Correcting naïve Sensitivity and Specificity for classifier tested against imperfect gold standard I am writing a supervised classifier for a particular condition.
I have two sets of data for my "gold standard", against which I will test my classifier:


*

*a Positive set, in which all samples have the condition;

*a Negative set, in which none have the condition.


For illustration purposes, here are the results of my classifier, aka the confusion matrix:
| TP=354 | FP= 20 |
|--------|--------|
| FN= 69 | TN=404 |

That gives Sensitivity=84% and Specificity=95%
The problem
I am not sure that the Gold Standard data has itself 100% sensitivity and 100% specificity. I estimate 95% sensitivity for the positive condition, and 90% specificity for the negative condition.
How can I adjust my results?

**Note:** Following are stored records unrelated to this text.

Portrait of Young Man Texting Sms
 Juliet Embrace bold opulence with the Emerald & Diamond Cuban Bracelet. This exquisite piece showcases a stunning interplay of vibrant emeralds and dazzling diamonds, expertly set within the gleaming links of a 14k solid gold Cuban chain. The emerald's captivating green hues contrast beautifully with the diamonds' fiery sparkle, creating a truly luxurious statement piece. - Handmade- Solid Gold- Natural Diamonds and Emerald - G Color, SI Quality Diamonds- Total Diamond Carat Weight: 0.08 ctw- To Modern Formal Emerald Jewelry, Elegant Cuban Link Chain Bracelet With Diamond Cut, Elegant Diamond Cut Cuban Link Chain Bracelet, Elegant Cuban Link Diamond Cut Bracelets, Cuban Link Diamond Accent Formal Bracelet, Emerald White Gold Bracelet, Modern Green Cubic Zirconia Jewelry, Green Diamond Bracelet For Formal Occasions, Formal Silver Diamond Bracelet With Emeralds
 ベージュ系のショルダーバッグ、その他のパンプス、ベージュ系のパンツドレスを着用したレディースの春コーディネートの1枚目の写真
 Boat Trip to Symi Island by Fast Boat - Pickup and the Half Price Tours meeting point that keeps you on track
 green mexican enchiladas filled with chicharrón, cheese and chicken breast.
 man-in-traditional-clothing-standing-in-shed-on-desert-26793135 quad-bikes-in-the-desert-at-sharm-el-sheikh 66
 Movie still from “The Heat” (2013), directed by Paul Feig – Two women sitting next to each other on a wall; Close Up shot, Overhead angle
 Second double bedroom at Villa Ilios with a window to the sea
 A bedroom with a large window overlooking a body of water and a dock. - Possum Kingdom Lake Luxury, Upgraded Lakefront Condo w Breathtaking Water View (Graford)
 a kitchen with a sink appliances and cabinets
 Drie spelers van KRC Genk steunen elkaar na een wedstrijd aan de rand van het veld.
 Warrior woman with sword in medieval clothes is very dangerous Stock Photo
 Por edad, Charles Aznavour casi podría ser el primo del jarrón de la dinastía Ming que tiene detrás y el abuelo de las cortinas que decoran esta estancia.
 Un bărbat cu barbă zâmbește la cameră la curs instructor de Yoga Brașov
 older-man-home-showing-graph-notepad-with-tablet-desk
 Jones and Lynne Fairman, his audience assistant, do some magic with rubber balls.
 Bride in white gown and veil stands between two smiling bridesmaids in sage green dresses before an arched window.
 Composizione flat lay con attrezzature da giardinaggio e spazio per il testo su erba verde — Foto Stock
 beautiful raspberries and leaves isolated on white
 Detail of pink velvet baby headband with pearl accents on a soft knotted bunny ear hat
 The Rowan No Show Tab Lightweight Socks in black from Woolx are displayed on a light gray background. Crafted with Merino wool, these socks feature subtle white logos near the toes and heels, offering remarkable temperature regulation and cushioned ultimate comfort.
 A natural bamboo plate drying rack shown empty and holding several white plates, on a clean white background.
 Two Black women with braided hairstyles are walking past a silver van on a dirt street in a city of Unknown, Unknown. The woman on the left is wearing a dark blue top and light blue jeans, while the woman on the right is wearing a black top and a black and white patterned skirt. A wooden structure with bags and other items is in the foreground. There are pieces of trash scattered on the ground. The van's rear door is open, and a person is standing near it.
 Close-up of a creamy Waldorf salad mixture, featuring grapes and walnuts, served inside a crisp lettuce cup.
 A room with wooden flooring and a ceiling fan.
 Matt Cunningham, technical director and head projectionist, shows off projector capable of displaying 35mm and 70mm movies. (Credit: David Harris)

Or how to communicate this uncertainty? 
 A: Hugues,
This should be relatively straightforward given one very crucial assumption, that we will get to.  Let's establish some notation.  Let's define $X$ to be the random variable obtained by randomly selecting a data point from your set and classifying it using your classifier.  $Y$ as the random variable obtained by randomly selecting a data point from your set and getting it's gold standard class label.  And $Z$ as the random variable obtained by randomly selecting a data point from your set and getting its true label.
Now let's summarize the information we have so far.  The things we know or believe we know are
$$
P(X|Y=1), P(X|Y=0), P(Y|Z=1), P(Y|Z=0).
$$
These are given by the sensitivity and specificity values that you have measured or assumed.  So more succinctly we know:
$$
P(X|Y), P(Y|Z)
$$
What we want to know is $P(X|Z)$, the true sensitivity and specificity of your classifier.  We can obtain this from $P(X,Y|Z)$ by summing over all (both) possible values of $Y$, if we can get $P(X,Y|Z)$.  It is a simple consequence of the definition of conditional probability that
$$
P(X,Y|Z) = P(X|Y,Z) \cdot P(Y|Z),
$$
[if this is new to you remove the Z and it will be quite familiar].  But we don't know $P(X|Y,Z)$.  Therefore the pivotal assumption, without which I don't think we can do anything (unless you know the true label of individuals in which case you should train on that), is that $X,Z$ are conditionally independent, given $Y$, in which case $P(X|Y,Z) = P(X|Y)$, that is the only way the true label effects your prediction is by effecting the (gold) label you used to train your predictor.
So if your comfortable with that assumption, then we can proceed to calculate:
$$
P(X=1|Z=1) = P(X=1|Y=1)P(Y=1|Z=1) + P(X=1|Y=0)P(Y=0|Z=1) = 0.84\cdot0.95 + 0.05\cdot0.05
$$
I will leave the other calculation to you.  Hope this was helpful!